The systematic error produced with changes in brightness or contrast can be investigated by linear regression of the results.

Table 4. Significance of non zero slope from linear regression of conductivity results from different threshold methods with changes in brightness and contrast.

Coating	Variable	LT-GT	Bolot	Otsu
601 55	Brightness	NS	****	*
601 82	Brightness	NS	*	***
320 55	Brightness	NS	*	***
601 55	Contrast	NS	**	NS
601 82	Contrast	NS	***	****
320 55	Contrast	*	*	**

* NS stands for not significant and *, **, ***, **** indicate significance at the $p<0.05,0.01,0.001$ and $0.0001$ levels respectively.

summarises these results, ideally there would be no significant trend in the results with respect to changes in brightness or contrast of the input image.

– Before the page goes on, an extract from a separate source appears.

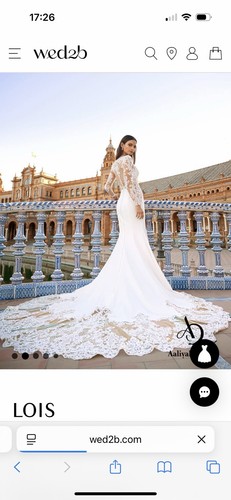 Ivory lace wedding dress size - ivory,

As shown the suggested method has no significant bias in five out of six of the conditions tested, in this respect it outperforms both the Otsu and Bolot methods of image segmentation. However it should be noted that changes in the result from the Otsu method are small and not of practicable importance.

4. Discussion

An automatic method for image segmentation has been developed which is capable of automatically extracting a phase of cracks from the microstructure as described by Zivelonghi et al. [13]. The method has been compared to other current methods and is shown to be as or more repeatable than alternatives [3] which threshold in the same region with changes in brightness or contrast of the input image. In addition the method has physical underpinnings which justify the selection of threshold points for this application.

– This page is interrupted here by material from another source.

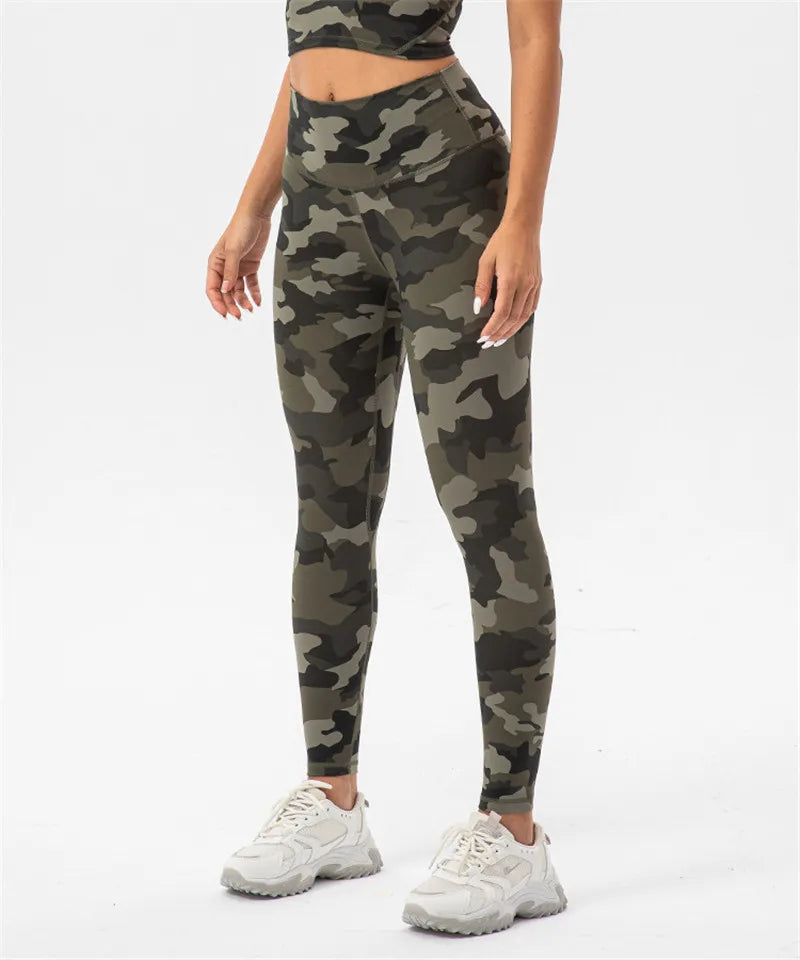 Ellie Winter Camo Leggings XXIV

This segmentation method produced estimates of density and specific heat that were within experimental error of measured values. This extends the work on porosity of Deshpande et al. [8] and Matějíček et al. [14] to other properties which are simply a volumetric mean of the components of the composite.

Under predictions were seen for modelled thermal conductivity results as is to be expected of two dimensional models due to the loss of connectivity in the third dimension. As with Zivelonghi et al. [13] the overall conductivity was strongly dependent on the contact zone or crack conductivity. The proper value to be used for this variable remains unknown.

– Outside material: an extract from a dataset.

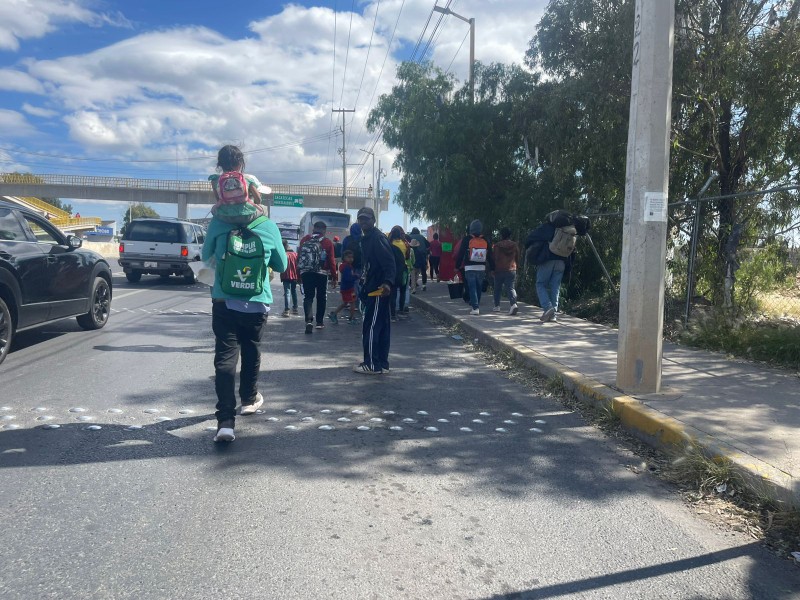 Migrantes denuncian malos tratos de autoridades en Zacatecas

Separately these results also explain some phenomena seen in high speed wear testing of these materials. Variation in wear behaviour is seen across the width of the rub track of the same scale as variation between the spray batches shown here [24]. Models made from $200\times 200$ $\mathsf{\mu }$m${}^2$ images showed standard deviation in thermal conductivity results of between 46% and 66% of the mean value (Figure 9). Thus roughly 30% of such areas will have properties equal to the bulk properties of one of the adjacent batches (50% change in value, one standard deviation). This rate decreases as the sampled area increases, 2% of $1.2\times 1.2$ mm${}^2$ sections are expected to vary from the bulk mean by 50% or more. As such local variation in the abradables is in the same scale as variation between batches and can be expected to produce the same changes in wear mechanism.

5. Conclusions

An automatic image segmentation method has been developed which allows automatic separation of a phase of cracks from a microstructure image. Estimates of the density and the specific heat capacity of the material could be made to within experimental error and expected under predictions for thermal conductivity were observed.

The segmentation method was shown to have less systematic bias with brightness and contrast than other available methods. Random error was also lower than seen for competing methods for changes in brightness of input image and was similar to competing methods for changes in contrast of the input image.